REQUIREMENT
Set down all of the entries word for word, omitting the images they contain.

DATA RECORDS
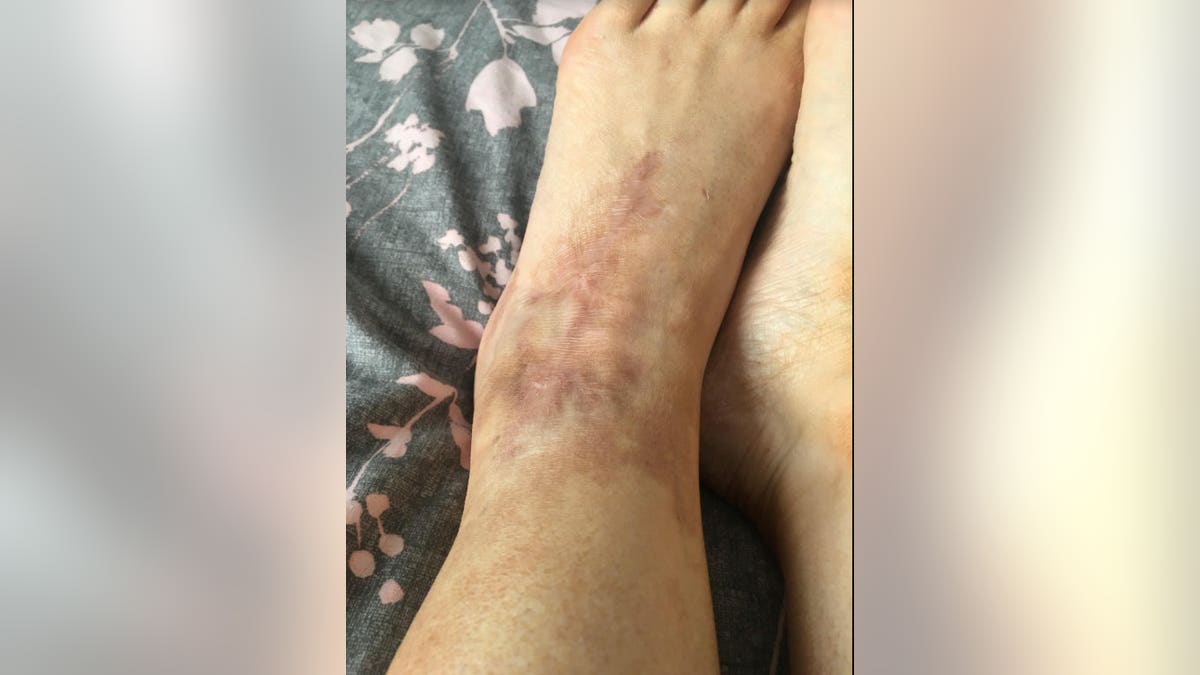 A more recent photo of her affected foot.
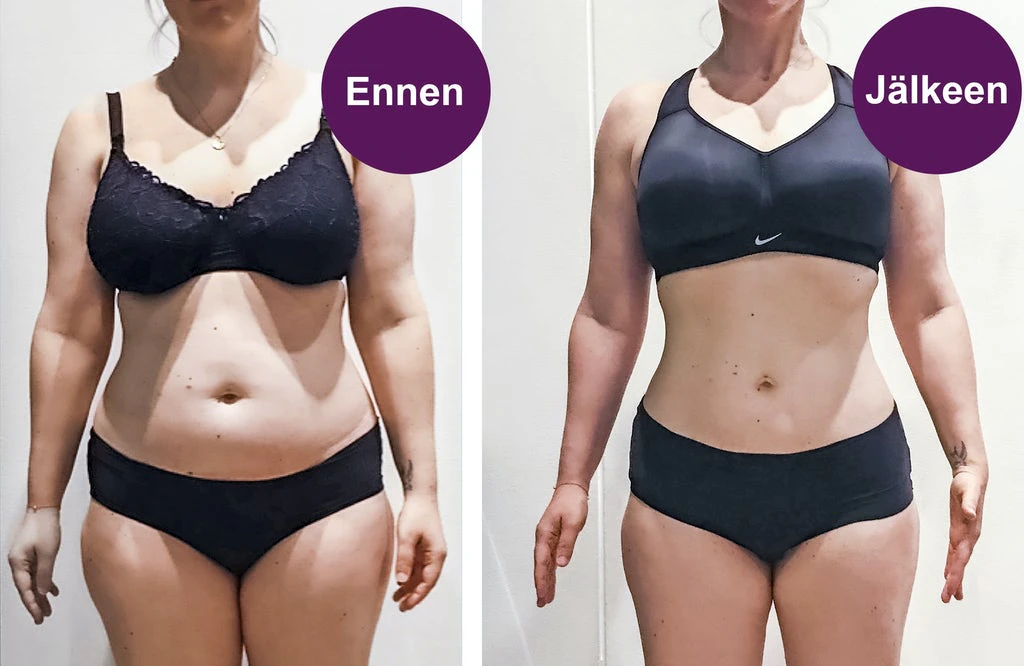 Ennen- ja jälkeen-kuvat vatsasta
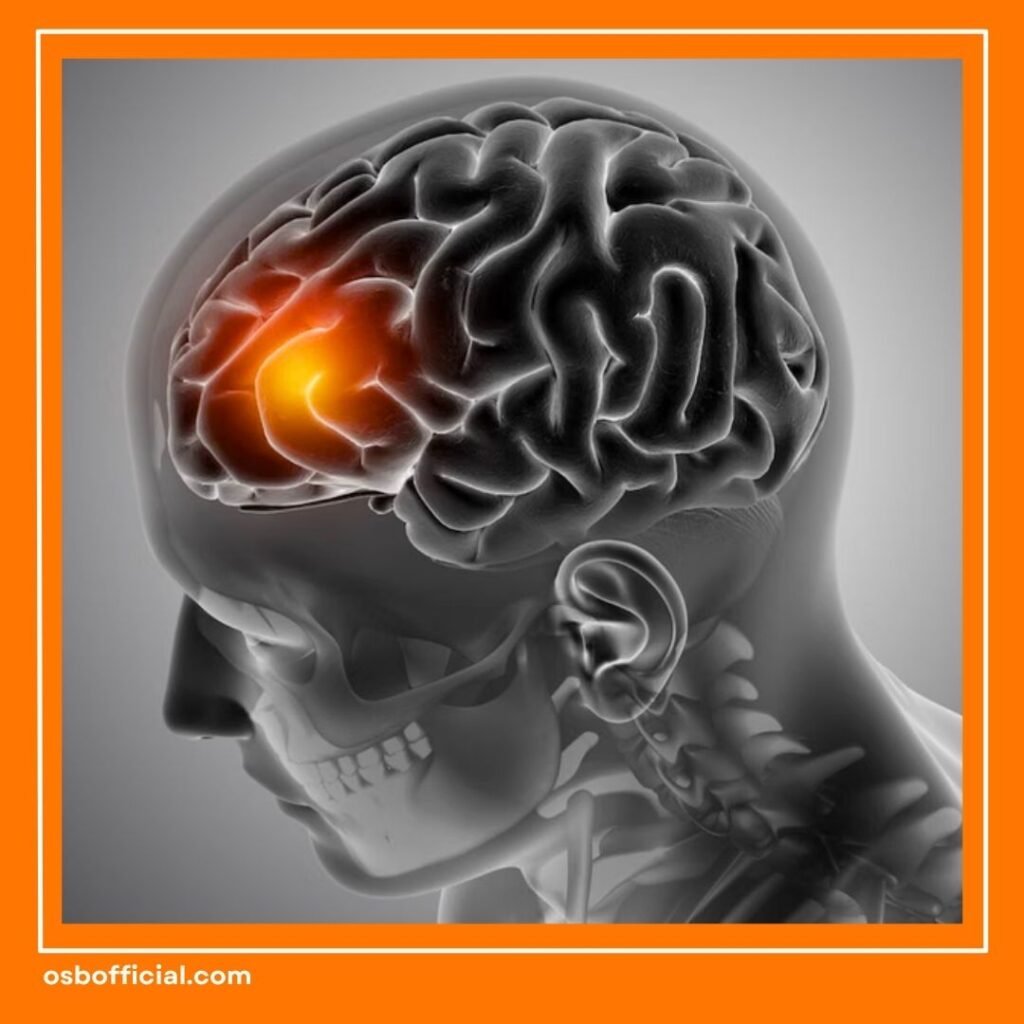Radang Otak dan Abses Otak
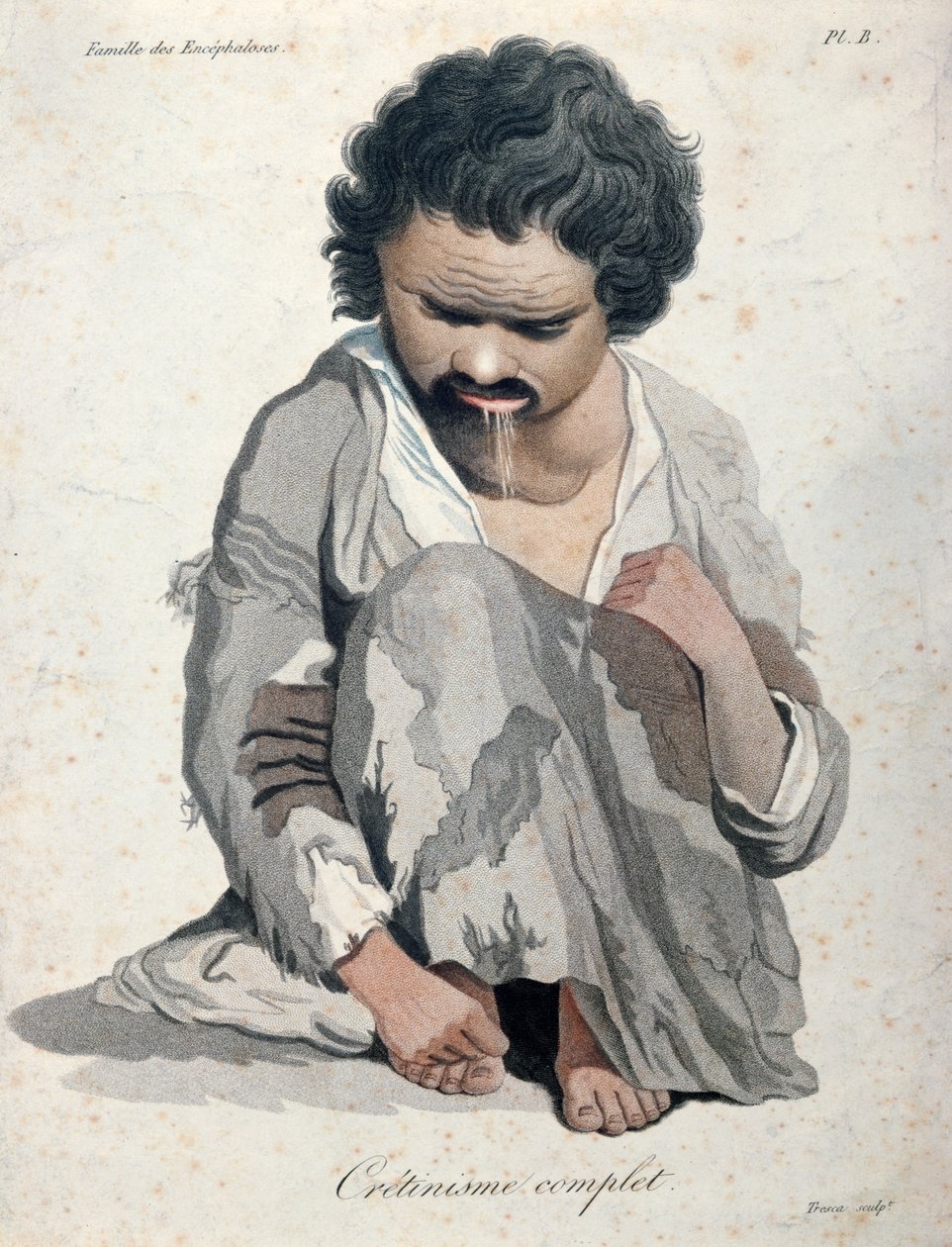 Totalny kretynizm, z książki barona Jean Louis Alibert (1768-1837) autorstwa Salvadore Tresca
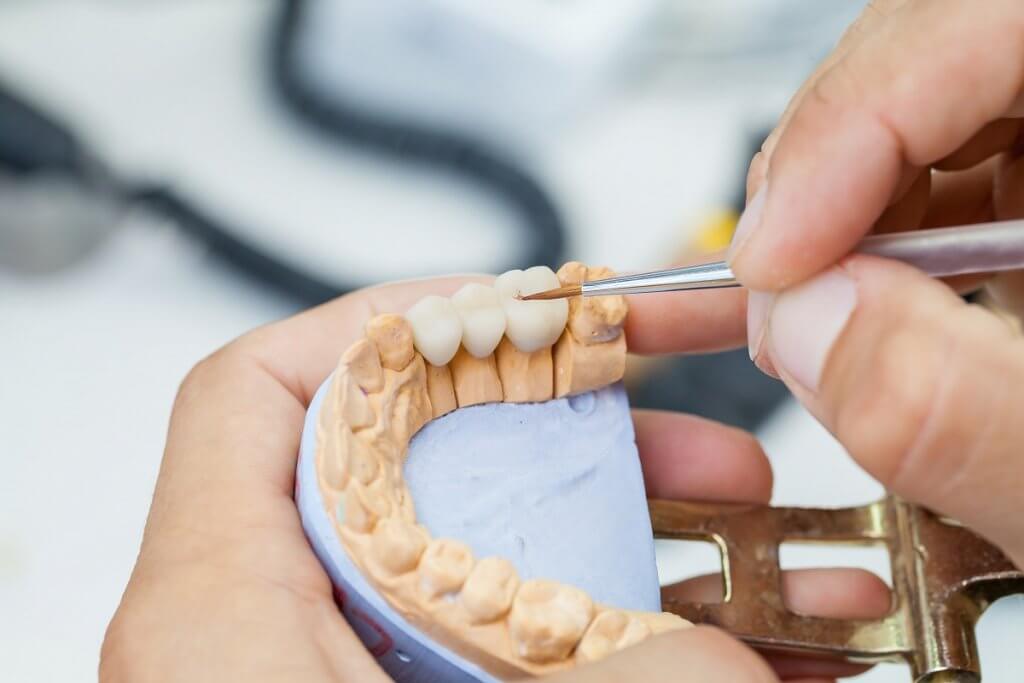 How Much Does Dental Crown Cost? Thornhill Dental Office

SOLUTION TO THIS PROBLEM
 A more recent photo of her affected foot.
 Ennen- ja jälkeen-kuvat vatsasta
Radang Otak dan Abses Otak
 Totalny kretynizm, z książki barona Jean Louis Alibert (1768-1837) autorstwa Salvadore Tresca
 How Much Does Dental Crown Cost? Thornhill Dental Office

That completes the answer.